Öte yandan alıntı kelimelerin farklı yazılışlarla metinlere yansıtılmış olmaları hemen ve her yönüyle değerlendirilmeleri için yeterli sayılamaz. Her alıntı, söyleyişte ortaya çıkabilecek değişikliklerle birden ve kısa bir sürede öylece benimsenmiş olarak konuşma dilinde yer bulamaz; ayrıca her alıntının farklı zaman dilimlerinde dile girdiği ve değişikliklerin gerçekleşme süreçlerinin bu yüzden her kelime için ayrı ayrı olduğu göz önünde bulundurulacak olursa, ne belli kelimeler için, ne de belli zaman dilimleri için işleyen belirleyici bir süreçten söz etmenin mümkün olabileceği anlaşılır.
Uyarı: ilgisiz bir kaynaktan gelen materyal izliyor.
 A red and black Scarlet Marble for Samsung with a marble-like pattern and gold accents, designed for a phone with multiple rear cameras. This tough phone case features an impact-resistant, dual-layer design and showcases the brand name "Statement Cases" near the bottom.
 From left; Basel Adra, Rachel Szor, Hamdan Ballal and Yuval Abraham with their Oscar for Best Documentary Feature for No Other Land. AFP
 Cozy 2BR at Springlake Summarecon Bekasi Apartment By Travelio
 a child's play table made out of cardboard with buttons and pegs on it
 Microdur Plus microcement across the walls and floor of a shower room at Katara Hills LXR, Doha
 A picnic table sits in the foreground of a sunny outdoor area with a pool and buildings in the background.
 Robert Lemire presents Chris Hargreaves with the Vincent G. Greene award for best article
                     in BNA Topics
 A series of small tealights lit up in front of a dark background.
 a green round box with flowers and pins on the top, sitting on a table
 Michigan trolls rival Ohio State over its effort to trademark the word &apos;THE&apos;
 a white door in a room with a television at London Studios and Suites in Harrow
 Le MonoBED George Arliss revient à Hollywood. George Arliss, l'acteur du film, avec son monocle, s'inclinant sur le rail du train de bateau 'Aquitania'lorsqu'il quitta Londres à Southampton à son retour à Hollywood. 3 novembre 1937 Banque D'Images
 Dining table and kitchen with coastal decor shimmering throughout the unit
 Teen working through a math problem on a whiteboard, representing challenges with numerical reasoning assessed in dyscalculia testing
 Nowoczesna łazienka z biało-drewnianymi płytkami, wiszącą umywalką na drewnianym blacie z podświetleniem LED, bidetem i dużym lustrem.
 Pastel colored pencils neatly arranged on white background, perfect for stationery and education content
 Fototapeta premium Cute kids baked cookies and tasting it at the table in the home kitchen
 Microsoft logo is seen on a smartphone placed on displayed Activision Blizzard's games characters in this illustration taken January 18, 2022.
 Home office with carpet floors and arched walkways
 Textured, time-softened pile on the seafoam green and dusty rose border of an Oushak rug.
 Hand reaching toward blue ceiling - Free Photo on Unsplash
Bu yüzyıllar boyunca işleyen ve durmaksızın yenilenen süreçte, önceleri üst sınıfların diline (yeni süreçlerde yaşandığı gibi, yabancı dil bilenlerin aracılığı ile) asıl söylenişleriyle girmiş nice kelime, dar bir alana sıkıştığı için hiçbir değişikliğe uğratılmaksızın donuklaşıp yabansı yanlarıyla öylece kalakalmış, niceleri ise günlük dilin ihtiyaçlarına karşılık olan bir kavramı (bu yalın ve yoğun bir kavram olabilir) yansıtmasına bağlı olarak kısa bir sürede bulduğu geniş kullanım alanı içinde hızlı, ama ayrı ayrı yerlerde birden çok değişikliğe uğratılarak, dilin kendi kaynak kelimeleri yanına yerleşivermiştir.
Her iki durum açısından da önemli olan, yine de kullanılan yazı türünün ve ortak kabule dayanan yazım sisteminin konuşma dilinin değişimlerini yansıtabilme araçlarına ne derecede sahip bulunduğudur. Kullanılan abece yeterli değilse, başka malzeme ve araçlar da bulunmuyorsa, özellikle dönemler içinde farklılaşmış olması çok doğal olan fonolojik değerlerin belirlenmesinde büyük güçlükler, hattâ imkânsızlıklarla karşı karşıya kalınmış olacaktır.
Bütün bu sebeplerle Türkiye Türkçesinin bütün dönemleri için geçerli olmak üzere, ses yapısında uzun ünlü de bulunan bütün alıntı kelimelerin ünlüler bakımından fonolojik durumunu değerlendirmek yerine, halklılaşarak dilde geniş kullanım alanı kazanmış ve bu yüzden de uğratıldığı değişimin yazımına yansıdığı kelimeleri ele almak; ayrıca, zamanın konuşma dilini tanıtan çeviri yazılı metinlerin verdiği malzemeyi de kullanarak, daha sınırlı bir değerlendirme çerçevesi içinde kalmanın uygun olacağını düşünmekteyiz.
Böyle bir yaklaşım, tarihli metinlere dayanılarak, 14. yüzyıldan itibaren Arapça ve Farsça asıllı kelimelerin konuşma dilindeki değişim süreçleriyle ilgili değerlendirmeler yapmamıza imkân verir. Belki az sayıda kelime üzerinde, ama yazılış farklarını yanlış sanmadan, bunları fonolojik değerde sayarak yapılacak ciddî çalışmalar, değişen söyleyişi yazıya yansıtılmamış başka kelimeler üzerinde – bir ölçüde de olsa- sonuç çıkarmamıza da yarayabilir.